Percorrer diversas épocas pela visão de personagens complexos não parece uma tarefa fácil. A premissa de Atlas de Nuvens (Companhia das Letras, 2016) é mostrar vidas distintas que estão interligadas ao longo do tempo e espaço, seguindo uma lógica que pode ser comparada àquela da reencarnação espírita, mas que dá um passo além para assumir o corpo de uma mistura convincente de metafísica, ficção científica e antropologia.
Se o básico do romance já parece desafiador, este aspecto toma proporções gigantescas quando percebemos que o autor se dispôs a traduzir os tempos em todos os meios possíveis: cada ponto de vista — as histórias das personagens são contadas por meio de capítulos intercalados, que devemos conectar para entender o enredo geral — é escrito de acordo com a gramática da época, tanto daquelas que são conhecidas como dos futuros idealizados por David Mitchell. Temos um total de seis tramas: a de Adam Ewing (um marinheiro inglês do séc XIX), a de Robert Frobisher (um compositor na Bélgica, anos 30), a de Luisa Rey (jornalista californiana, década de setenta), a de Timothy Cavendish (um escritor, tempo presente), e as futuristas de Sonmi~451 e Zachry.

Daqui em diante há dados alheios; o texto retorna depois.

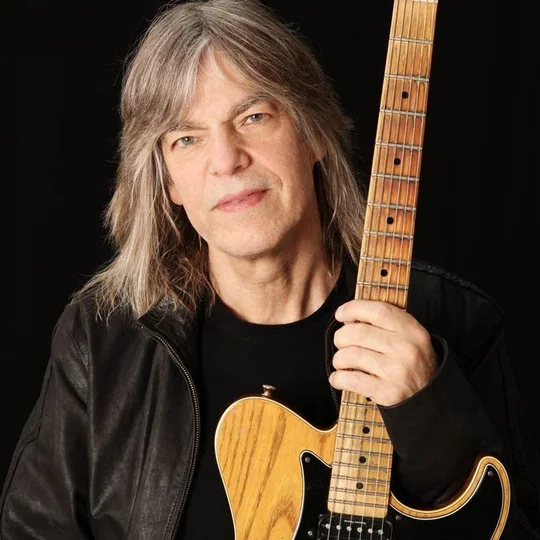 Mike Stern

O reconhecimento da densidade da trama torna sua confecção — e trabalho de tradução, realizado com maestria (e provavelmente dificuldade considerável) por Paulo Henriques Britto — ainda mais admirável, porém não mais fácil para o leitor: este livro não foi feito para ser lido rapidamente e nem de forma leve. O linguajar antiquado e o tribal de duas personagens em particular — além da torrente de informações difusas que se espera que o leitor seja capaz de juntar — exige uma perseverança acima da média
Apesar disso, a ambição do projeto é envolvente e, de certo modo, um tanto compreensiva com aquele que o espera do outro lado: a trama pesada de Sonmi~451, androide que foge de condições de escravidão de uma Seoul futurista, é intercalada pelo ar cômico das memórias de Thomas Cavendish, um autor que foi colocado num asilo contra sua vontade e se une a outros moradores para escapar. Seus protagonistas não estão apenas unidos por laços metafíscos como por conexões mais palpáveis: Luisa Rey encontra composições de Robert Frobisher, que, por sua vez, têm possessão do diário de Ewing; Zachry vive num mundo onde Sonmi~451 é tida como algo próximo a uma divindade.
Ao mesmo tempo que corremos para acompanhar e montar o quebra-cabeça que é colocado na mesa, também somos impactados pelas reflexões delicadas da narrativa sobre a natureza humana e a marca que cada um deixa no mundo, na medida em que as personagens aprendem algo maior e, por meio de seus registros, têm suas reflexões levadas à frente e aprofundadas pela visão das gerações e indivíduos do futuro. O grande arco, ao fim, deixa clara a ambiguidade inerente à existência: nossa insignificância em meio a imensidão de todas as populações que já viveram e ainda viverão, e a importância inegável das experiências de cada uma dessas pessoas para a produção de (auto)conhecimento da humanidade como um todo.